C’est une question à la mesure, peut-être même à la démesure, de l’humanité : Trouver une définition de l’Intelligence. Nombreux sont ceux à s’y être attelés et il faut bien le reconnaître le succès n’était pas encore au rendez-vous jusqu’à ce jour où survint, The Biological Roots of Intelligence (https://www.the-scientist.com/features/the-biological-roots-of-intelligence-64931?utm_campaign=TS_eTOC_2018&utm_source=hs_email&utm_medium=email&utm_content=67169279&_hsenc=p2ANqtz-9ZX0CCLvxqxKnlmBBEIYb1x1FzIpZiXXZ2lDNnp8IjyfWKjaiKIsZJ1M2z_IZdwNvE-qiVYCQsVdbCdJ47SUAbjvXyeA&_hsmi=67169279) ? L’auteur n’a pas choisi la facilité, mais le sujet lui-même le laissait entrevoir. Car il s’agit à la fois, la tâche est titanesque, de découvrir les racines de l’intelligence sans oublier de, simultanément, la définir ! C’est bien sûr l’occasion de reparler du QI, mais alors pourquoi ne pas avoir également evoquer le QI amélioré (?), test de Wechsler connu sous l’acronyme de WAIS (Wechsler Adult Intelligence Scale, https://fr.wikipedia.org/wiki/Wechsler_Adult_Intelligence_Scale). Les différentes études portant sur l’anatomie, la physiologie, l’imagerie fonctionnelle, les circuits, la génétique n’apportant pas la réponse, c’est alors que s’impose la question princeps, celle qui concerne la définition de la dite intelligence. En effet quand la technique est insuffisante à la démonstration, il se pourrait que les outils  ne soient pas adaptés ! D’où la question: “Qu’est-ce que l’intelligence ? Pourquoi ne serait-il pas raisonnable de penser qu’il ne s’agit pas d’un trait particulier, mais bien de la sommation de plusieurs traits humains.
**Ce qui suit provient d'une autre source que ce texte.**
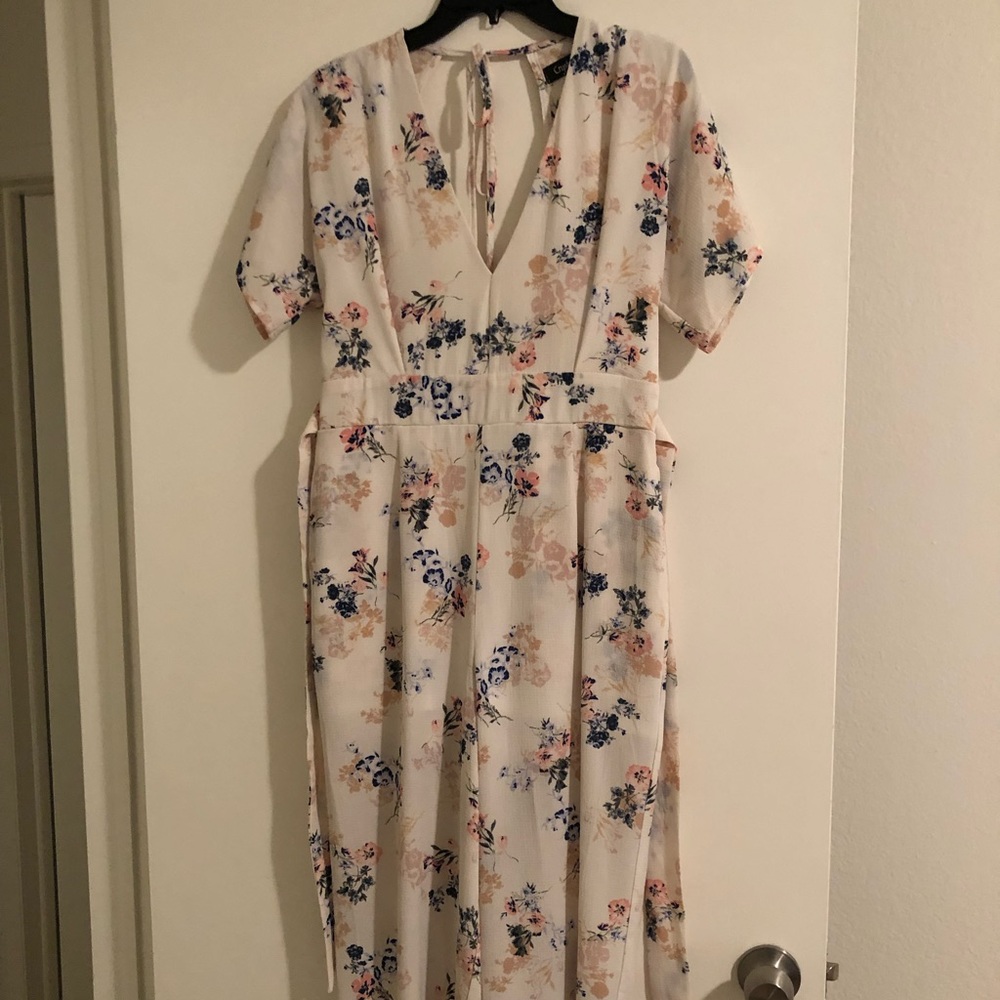 White floral jumpsuit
Alors comme le  conclut l’article  Notre intelligence est-elle suffisante pour comprendre la base de notre propre intelligence ? Que deviennent alors les recherches en cours sinon des coups d’épée dans l’eau sombre d’une boite noire qui n’a pas fini de faire parler d’elle ! Heureusement la mesure du QI,  contrairement à ce que de mauvais esprits laisseraient entendre, semble bel et bien s’améliorer ce qui constitue in fine le point positif de cette enquête.